Study subjects also were asked about sexual abuse in childhood. A total of 121 women and 35 men reported a history of sexual abuse beginning at around age 11. Nelson's group also had access to DNA samples from those evaluated in this study.
By identifying a handful of specific sites in the genome, it's possible to classify a person as having either the H1 or the H2 haplotype. One of the genes in the DNA region included in H1 and H2 is called corticotropin releasing hormone receptor type 1 (CRHR1). Nelson's group is focusing on that gene, which research in animals has implicated in risk for alcohol dependence.
Many past studies have focused on genes related to alcohol metabolism, but CRHR1 is not a metabolism gene. Nelson says it appears from animal studies, however, that the gene may be involved in risks associated with the effects of environmental stress. In the case of humans, he suspects variants of the gene may play a role in protecting against stresses caused by child sexual abuse.
"There are many different ways an individual can become alcoholic, some involving heavy genetic risks, some involving specific environmental factors, such as exposure to peers who drink heavily," Nelson says. "This particular pathway involving CRHR1 is interesting because it seems to play an extremely important role in animal models of alcohol consumption and dependence."

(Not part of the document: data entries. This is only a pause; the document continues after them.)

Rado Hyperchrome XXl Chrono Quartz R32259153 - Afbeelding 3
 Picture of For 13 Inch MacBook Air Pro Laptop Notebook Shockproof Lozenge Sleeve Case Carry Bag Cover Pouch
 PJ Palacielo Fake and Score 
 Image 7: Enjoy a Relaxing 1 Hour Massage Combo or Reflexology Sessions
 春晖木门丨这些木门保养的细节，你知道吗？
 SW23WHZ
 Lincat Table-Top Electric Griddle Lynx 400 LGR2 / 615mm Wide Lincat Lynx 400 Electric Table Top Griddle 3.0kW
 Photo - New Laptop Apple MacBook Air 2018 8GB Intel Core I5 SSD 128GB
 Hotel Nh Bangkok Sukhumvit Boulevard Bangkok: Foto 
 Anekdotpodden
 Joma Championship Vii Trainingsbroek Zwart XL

He says better understanding of how the gene works may help scientists understand the process by which people become alcoholics. As they attempt to clarify the possible role of the CRHR1 gene in protecting sexual abuse survivors from alcohol dependence, Nelson says it may be interesting to look at other severe environmental stressors that trigger alcohol use to see whether people with the H2 variation also are protected from those forms of risk.
In addition, he says drugs have been developed that block CRHR1 receptors. If it turns out that humans are responding to the same stressors and reacting via the same genetic pathway that animals do, Nelson says some of those drugs may be able to help people who are alcoholic using the same pathway that protects people with the H2 haplotype.
A panel of leading alcoholism researchers will discuss important findings from translational and other genetic research and their implications for treatment at Washington University School of Medicine during the 10th annual Guze Symposium on Alcoholism. The topic of the Feb. 18 meeting is Disentangling the Genetics of Alcoholism: Understanding Pathophysiology and Improving Treatment.